This post was originally published here by Hem Karlapalem.
The art of Threat Hunting can be especially fun when dealing with isolated individual pieces of puzzle. This article brings out the importance of email header analysis and how it can help in a hunt trip. Email header analysis is one of the oldest techniques employed by incident handlers and this article tries to revive this old technique to see how it can be looked at through the lens of Threat Hunting. Since plenty of threat campaigns using email as a vector to distribute Malware and spam infrastructure, understanding the various email headers will help threat hunters to find missing links.
Overview on Email Headers
Email headers contain information which is used to track an individual email, detailing the path a message takes as it crosses mail servers. This is especially helpful when investigating SPAM, MalSPAM and phishing emails. Though there have been tools developed such as Email Gateways which can catch this, at times it is still necessary for a hunt team or threat intel team to use email header analysis to track a threat actor, campaign, or infrastructure.

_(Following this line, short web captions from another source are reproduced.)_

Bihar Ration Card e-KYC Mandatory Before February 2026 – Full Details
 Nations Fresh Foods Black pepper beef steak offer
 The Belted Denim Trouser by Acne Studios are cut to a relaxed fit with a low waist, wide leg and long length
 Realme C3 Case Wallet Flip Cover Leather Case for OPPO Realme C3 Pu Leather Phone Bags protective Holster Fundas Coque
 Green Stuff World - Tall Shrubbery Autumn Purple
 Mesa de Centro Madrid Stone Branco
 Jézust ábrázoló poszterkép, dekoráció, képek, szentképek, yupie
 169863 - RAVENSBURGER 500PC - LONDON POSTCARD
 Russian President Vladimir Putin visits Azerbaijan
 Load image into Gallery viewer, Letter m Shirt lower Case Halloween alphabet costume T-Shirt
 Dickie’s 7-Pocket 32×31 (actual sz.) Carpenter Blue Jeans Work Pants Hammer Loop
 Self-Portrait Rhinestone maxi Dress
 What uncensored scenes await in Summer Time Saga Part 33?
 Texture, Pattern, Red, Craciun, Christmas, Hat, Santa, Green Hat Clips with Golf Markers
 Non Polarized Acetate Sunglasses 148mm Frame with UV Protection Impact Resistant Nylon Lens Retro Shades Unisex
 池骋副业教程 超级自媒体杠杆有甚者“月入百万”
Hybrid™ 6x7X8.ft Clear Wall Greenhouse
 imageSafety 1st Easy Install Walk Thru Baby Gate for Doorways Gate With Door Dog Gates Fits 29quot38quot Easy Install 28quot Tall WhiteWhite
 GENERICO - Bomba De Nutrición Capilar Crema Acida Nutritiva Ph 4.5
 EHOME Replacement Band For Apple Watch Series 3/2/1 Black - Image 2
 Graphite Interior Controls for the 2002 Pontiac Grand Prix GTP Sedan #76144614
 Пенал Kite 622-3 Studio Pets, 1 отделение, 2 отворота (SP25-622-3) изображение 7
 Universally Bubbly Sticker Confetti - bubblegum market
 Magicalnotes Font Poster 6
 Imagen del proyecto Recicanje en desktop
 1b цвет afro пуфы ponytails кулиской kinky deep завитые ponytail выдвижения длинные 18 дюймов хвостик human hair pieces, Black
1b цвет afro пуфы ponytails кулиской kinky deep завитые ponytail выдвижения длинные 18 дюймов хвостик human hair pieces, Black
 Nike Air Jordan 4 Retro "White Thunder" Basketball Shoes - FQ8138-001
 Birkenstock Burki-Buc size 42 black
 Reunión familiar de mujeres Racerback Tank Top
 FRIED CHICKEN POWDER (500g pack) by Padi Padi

As per the RFC 2822 from IETF, an email message consists of header fields followed by a message body. The header lines are used to identify particular routing information of the message, including the sender, recipient, date and subject. Some headers are mandatory like FROM, TO and DATE. Other header information includes the sending timestamps and the receiving timestamps of all the mail transfer agents(MTA) that have received and sent the message.
Important fields that could be of interest are:
- Origination date field
The origination date specifies the date and time at which the creator of the message indicated that the message was complete and ready to enter the Mail delivery system. So, this is the time that a user pushes the “send” or “submit” button in an application program - Originator Fields
The originator fields of a message consist of the below fields and indicates the source of the message.
a) From
This field specifies the author(s) of the message i.e, the mailbox(es) of the person(s) or the system(s) responsible for writing the message.
b) Sender
This field specifies the mailbox of the agent responsible for the actual transmission of the message. For example, if Person A is sending a mail on behalf of another Person B, the mailbox of Person A would appear in the “Sender:” field and the mailbox of the actual author would appear in the “From:” field.
c) Reply-to
This is an optional field. If present, it indicates the mailbox(es) to which the author of the message suggests that replies be sent. In the absence of this field, replies should by default be sent to the mailbox(es) specified in the “From:” field. In many cases, phishing authors have exploited this field by having this enabled so that the recipient/victim of this mail might send the information to a different unintended mailbox. - Destination Address Fields
The destination address fields specify the recipients of the message.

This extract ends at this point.